Berry Duane Oakley: Thank you.
Spotlight Central: One of our other favorite songs on Bless Your Heart includes “Magnolia Road,” which features some very melodic bass playing, but probably our most favorite is “Savannah’s Dream,” a 12-minute-long instrumental piece. We think it’s so cool where, near the end, you play chords on your bass and then play these neat runs that sort of “pop up” in just the right places. What we’re wondering, though, is: Do you have a personal favorite from the new album?
Berry Duane Oakley: I hear you; it’s tough. There are a lot of great songs, but probably “Savannah’s Dream” is my favorite, too. Knowing Duane as long as I have, and after hearing all the things he’s written and played over the years, when he brought this song to the table, I went, “Wow! Now that’s a Betts’ song if I ever heard one!” And he really did a great job putting his feelings and thoughts into that song, and he definitely did it in a way which pays homage to his father, even though it’s definitely his thing.
Spotlight Central: It’s beautifully orchestrated, too.
Berry Duane Oakley: Right. And even though it was his song, he let me have free range with it. When I approached him, I said, “Man, this song is crazy! What do you want me to do?” He was like, “Dude. Classic Berry Oakley meets [Grateful Dead bassist] Phil Lesh,” and I was like, “OK, you got it! Let’s go!”
Spotlight Central: These days, with the postponement of many live concerts, for so many bands, there hasn’t been very much going on, but you guys have still been doing a few things. Can you tell us about them?
Berry Duane Oakley: It’s a tough balancing act — we’re all pretty aware of what’s going on in our country right now, so it really is hard to balance it all. We’ve been trying to break it up, so we did a little run about a month ago where we did a handful of concerts at drive-in movie theaters, and that worked out well. With that format, we could still put on a live show, still honor social distancing and whatnot, and still be able to bring people some good live music.
So we’re just trying to find our way through this. A few months back, we went out to California and did a livestream performance that people could purchase and watch. We’re trying to navigate the waters just like everyone else in the country — trying to figure out, “How do we move forward?” and “What’s the best way to do it?” all while being conscious of everything that’s going on. But it is tough. A lot of the musicians and artists out there — especially the touring bands — are all trying to figure out how to work in this new world, so we’re doing our best.
Spotlight Central: You are. Is there anything else you’d like to add, or anything you’d like to say to all of your fans who look forward to seeing you again?
Berry Duane Oakley: It’s tough — the climate in the country right now is kind of tough. We definitely need some more love out there, for sure, and good vibes. So it’s a tough balance. In my opinion, everyone should just calm down. It would make it a little easier for everyone on every front — from the front line workers to us touring musicians. Everybody wants to get back to some kind of life.
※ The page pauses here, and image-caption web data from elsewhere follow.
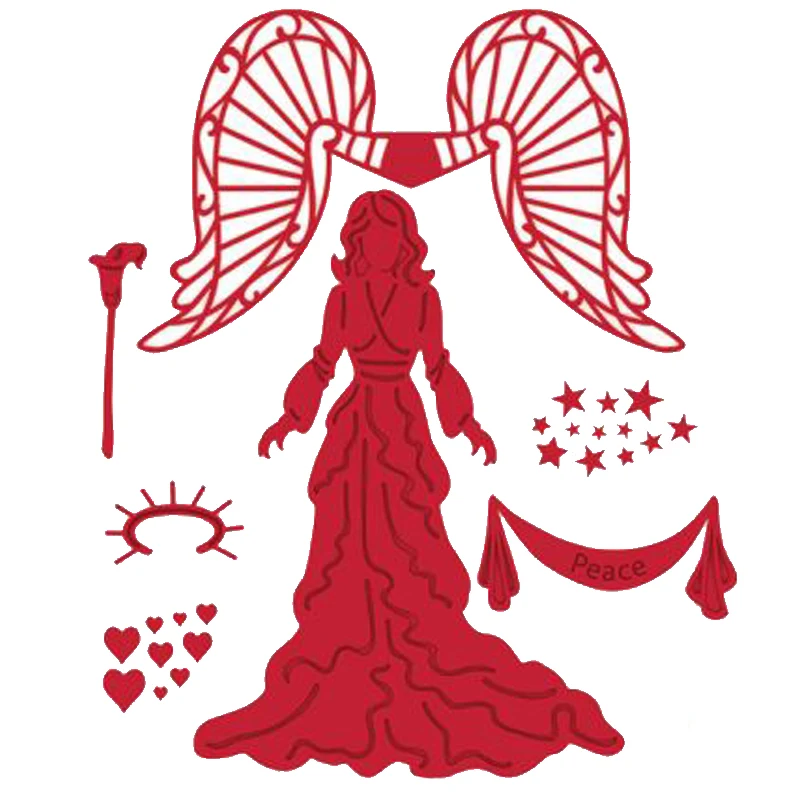Рождественское слово NOEL Goddess Angel металлические режущие штампы для DIY Скрапбукинг альбом ремесленные товары, карточка делая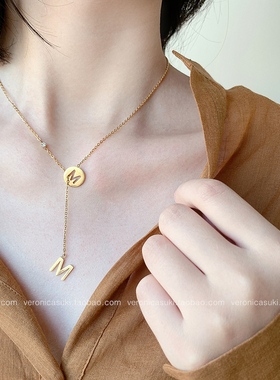 洗澡不用摘小众设计18km字母项链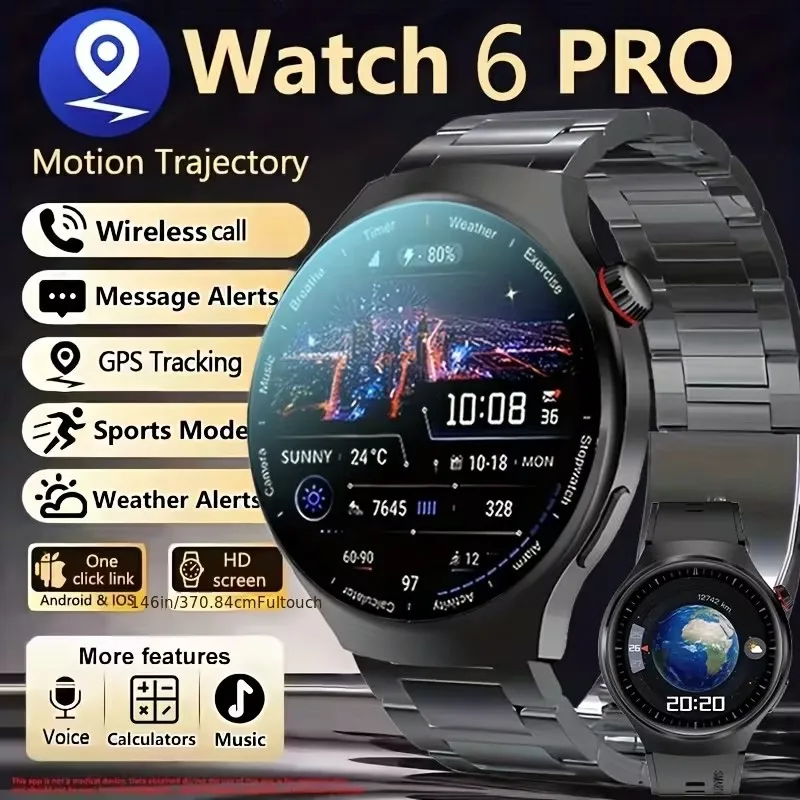 

New Smart Watch Men Full Circle Touch Screen Bluetooth Call Men Smartwatch Sports Activity Fitness Waterproof Watches +Box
It’s just tough, because the times are tough right now. My biggest word of advice to the general public is: we all just need to calm down a bit.
Spotlight Central: It’s a good thing we have music — for instance, for us, your new album — to listen to, because music can really help, right?
Berry Duane Oakley: Yeah. I mean, music is the universal language and the language of love, just about, in most aspects — there is some harsher music out there, too, of course — but I know a lot of us turn to music, you know? You want to feel good? You pop on a good record and you kind of lose yourself in it. And it’s the same with live shows. That’s why we all go out and do them — to get those good feelings and good vibes going — so we’re looking forward to getting back out and doing it ourselves again very soon!